Seasoning Cast Iron

Everyone knows that the cast iron skillet is the quintessential tried-and-true original non-stick pan.  What most people might not know are the little tips and tricks needed to keep that iron performing at its best.
The most essential feature of any cast iron tool is its seasoning.  Seasoning essentially refers to the of layers of fat bonded to the iron, which creates its unique cooking surface.  Achieving a good seasoning is easily done through a slow heating and cooling process with a fat product.  When the iron heats, its pores open to capture the fats.  The pores then close as the iron cools, sealing in the fats, which creates the aforementioned surface.
As far as the fats go, pretty much any type of fat or oil, except butter and olive oil (which will burn), can be used.  I prefer to use shortening.
Most cast iron products available nowadays are pre-seasoned, but I recommend seasoning them again before using.  In the event that you come across new, non-seasoned iron (like I did, which is silver, not black), thoroughly season it at least twice (or more!) before using.
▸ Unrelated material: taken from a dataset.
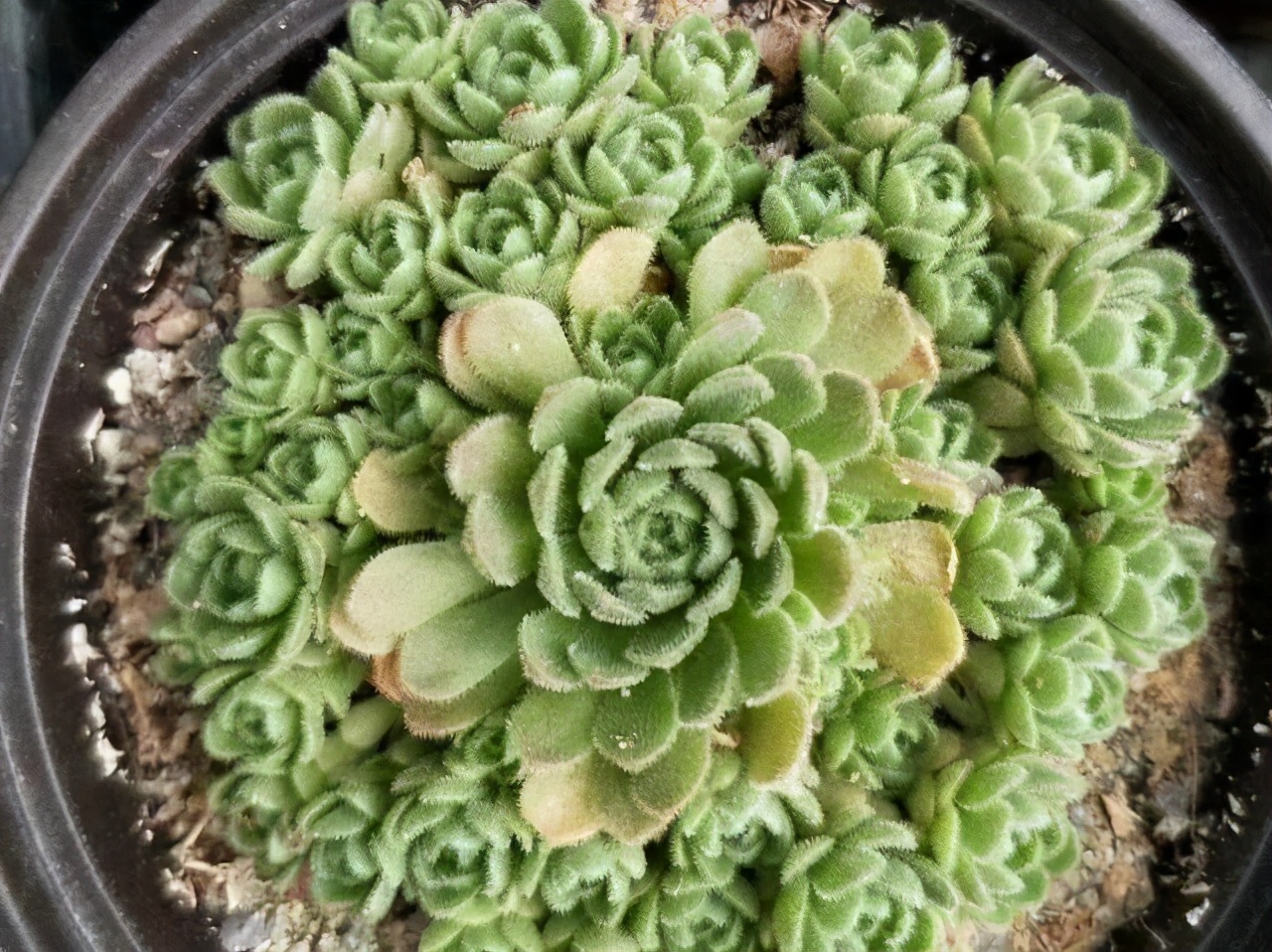 推荐几个玫瑰形的多肉植物,最像玫瑰花的8款多肉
With continued use, the seasoning layer continues to be built, making the pan even smoother and easier to use.  With proper care, cast iron will long outlast any other utensil in your kitchen.
For those of you who already use cast iron, good for you!  Please remember to periodically re-season those pans.

Materials:
– cast iron pan
– shortening

1.  Preheat oven to 275F.  Thoroughly scrub out the entire cast iron pan with hot water.  DO NOT USE SOAP!!!
2.  Completely dry the pan, then rub a thin and even layer of shortening over then entire pan (inside and out).
3.  Place pan upside-down in the pre-heated oven on the center rack.  Baking it upside-down allows any excess fat to drip out.  Place a baking sheet or aluminum foil at the bottom of the oven to catch any excess drippings.  Bake for 1 hour, then remove and allow to cool completely.
4.  Repeat steps 2 and 3 as necessary.
5.  Wasn’t that easy?  Now go cook!

*  When cooking with cast iron, remember: it gets HOT!  Handles are not insulated nor are they heat resistant.
*  After cooking, allow pan to cool before washing.  Cold water on a hot iron pan will crack it.
*  Clean by scrubbing with hot water, then placing pan over a low heat to dry, with a little rubbing of oil.  Water left on the pan will cause the iron to rust.
*  DO NOT use soap – it will strip away the seasoning.  Only use soap if you plan on re-seasoning.